Osmanlı Devleti'ni saray halkı yönetiyor ve sömürüyordu.

 

"Bilindiği gibi, uzun yüzyıllar boyunca ve özellikle çökme döneminin başlaması ile birlikte devleti gerçekten yönetenler, padişahın kendisine yardımcı olarak seçtiği unsurlar değil fakat "Enderum Halkı" denilen Saray mensupları olmuştur. Devleti içinde kemiren rüşvet, iltimas gevşeklik, miskinlik gibi hastalıklara karşı amansız bir savaşa girişen Selim III (1789-1808) ün katline sebep olan her türlü reform davranışlarına düşman kesilen ve devletin kaderi üzerinde gerçekten olumsuz bir rol oynayan Enderum Halkı bütün kötülüklerin başlıca kaynağı ve keyfi idare sisteminin başlıca nedeni idi..."(s.19,20)

 

ŞÛRA VE MERKEZÎ YÖNETİMLER

GÖRÜŞME VE KARAR ALMA ŞEKLİ

 

Merkezî yönetimlerin en büyük hastalığı, asıl yöneticilerin bilinmemesidir. Otoriteleri yücelten ve onların erişilemez seviyelerde yüceltilmesinden yararlanan, kendilerini gizli tutan küçük bir azınlık grubudur.

Kadîm Mısır (Firavunlar dönemi), Yunan, Roma ve Bizans yönetimleri başta olmak üzere, tarihteki birbirinin benzeri bütün 'merkezî sistem'i benimseyen ve bu sistem ile yönetilen yönetimler böyledir.
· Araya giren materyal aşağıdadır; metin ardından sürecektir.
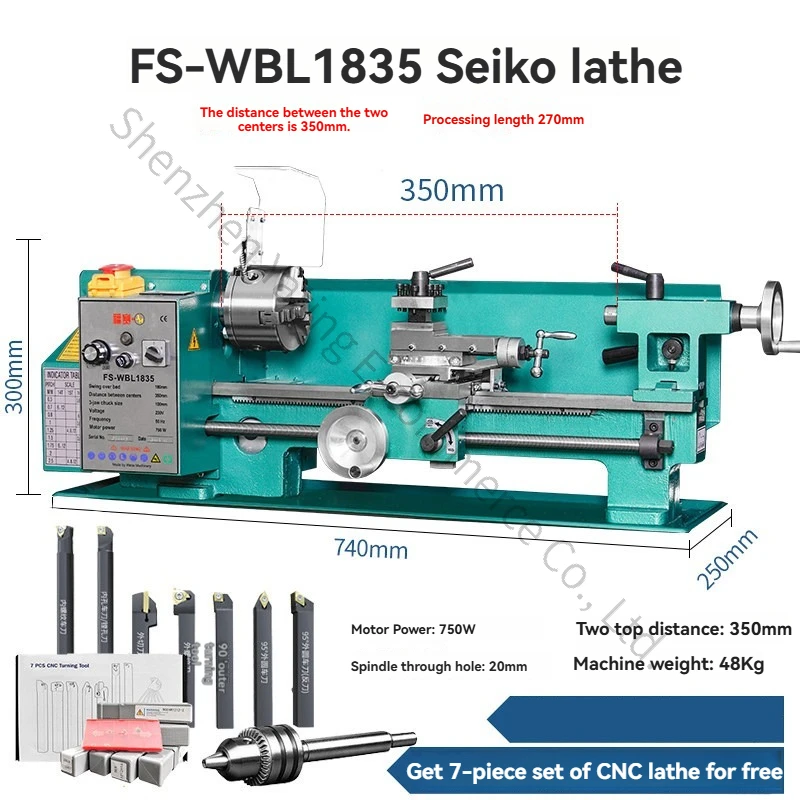 1 stuk draaibankinstrument dig - Woodworking Lathe Machine recensie en prijs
Osmanlı yönetimi de gerileme ve çökme merhalelerinde bu yanlış uygulamalardan nasibini almıştır.

İslâmiyet'e göre kurulan düzenlerde saray yoktur.

Resmî ve kapalı bir konak veya benzeri bir yönetim binası yoktur.

Yönetimle ilgili işler;

herkese açık olan mescitlerde müşavere edilerek halledilir.

Meseleler hemen görüşüldüğü yerde karara bağlanır.

Şûraya dışarıdan müdahale yapılamaz.

Böyle müdahaleler kesinlikle önlenmiştir.

Başkanın şûra üyeleri dışında yaptırım gücü yoktur.

Bunun tabiî bir sonucu olarak da

İslâmî düzende bir bürokratlar sınıfı yoktur.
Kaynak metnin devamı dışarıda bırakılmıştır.